Tuesday, 10 February 2009

Review: Dead Man's Shoes

Like the creepy mask that Paddy Considine's ex-army protagonist wears in Shane Meadow's accomplished thriller, the placid countryside setting of Dead Man's Shoes conceals a melting pot of anger and tension. Set, like most of Meadows' films, in the Midlands, Considine plays Richard, a bearded, grim-looking ex-squaddie who returns to his hometown, to find it still being rousted by the same gang of petty thieves as when he left. They run a small time drug-dealing business bossed by the slick Sonny, all leather jackets and hair gel.
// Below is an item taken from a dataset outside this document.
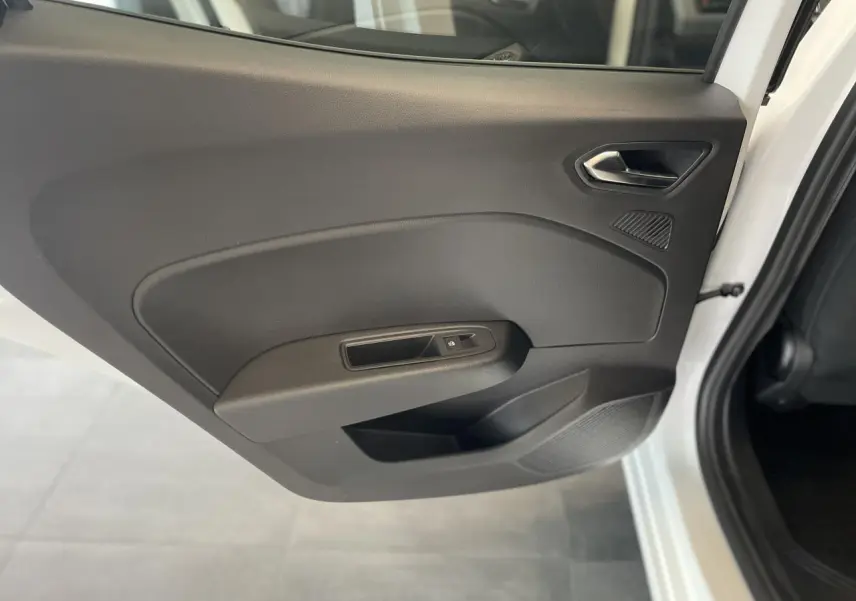 Porte intérieure côté arrière droit de la Renault Clio blanche 2025 avec commande de vitre électrique et poignée intégrée.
It becomes clear through a series of subtle black-and-white flashbacks that the gang, led by Sonny, inducted Richard’s mentally-vulnerable brother Anthony into their fold whilst Richard was away, and systematically abused him.
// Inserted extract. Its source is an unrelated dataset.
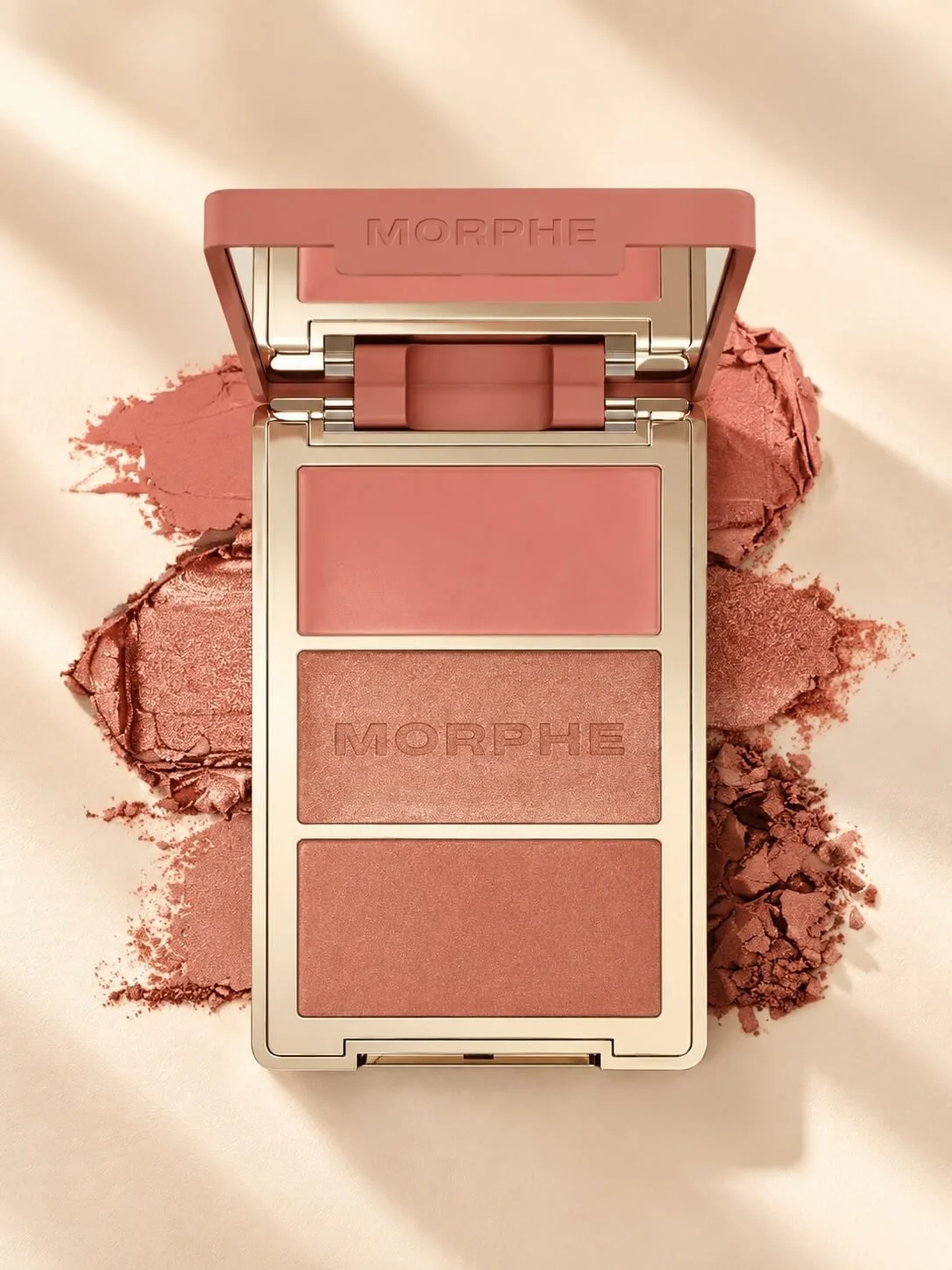 A makeup palette with three different shades of pink and bronze pressed powders, branded with 'MORPHE,' on a soft pink surface with spilled powder around it.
This explains the furious rage etched under Richard's beard which threatens to boil over whenever he encounters a member of Sonny's crew in the local pool hall or out in the street. He begins systematically haunting them, his purloined army gas mask lending him an ominous, sinister quality. Unsatisfied with purveying simple scares, murder follows naturally, and Richard begins dispatching members of the gang by axe and knife.
The artfully-handled final third of the film gradually and skilfully reveals the predominant theme here: guilt. This film is as much about fraternal relationships as it is about growing up on a council estate where the bad boys at school become the petty drug-dealers, and of the unspoken desire everyone harbours of 'getting out'. Richard feels restrained by Anthony; the overriding emotion of Anthony's simply brain is that of brotherly pride.
There is more heart, and ultimately regret, to this film than the initial, brutal revenge façade suggests. Anthony brings Richard his rare moments of happiness, yet also his tragic thrust. And why do we wear masks? To hide our face from others, or to hide it from ourselves?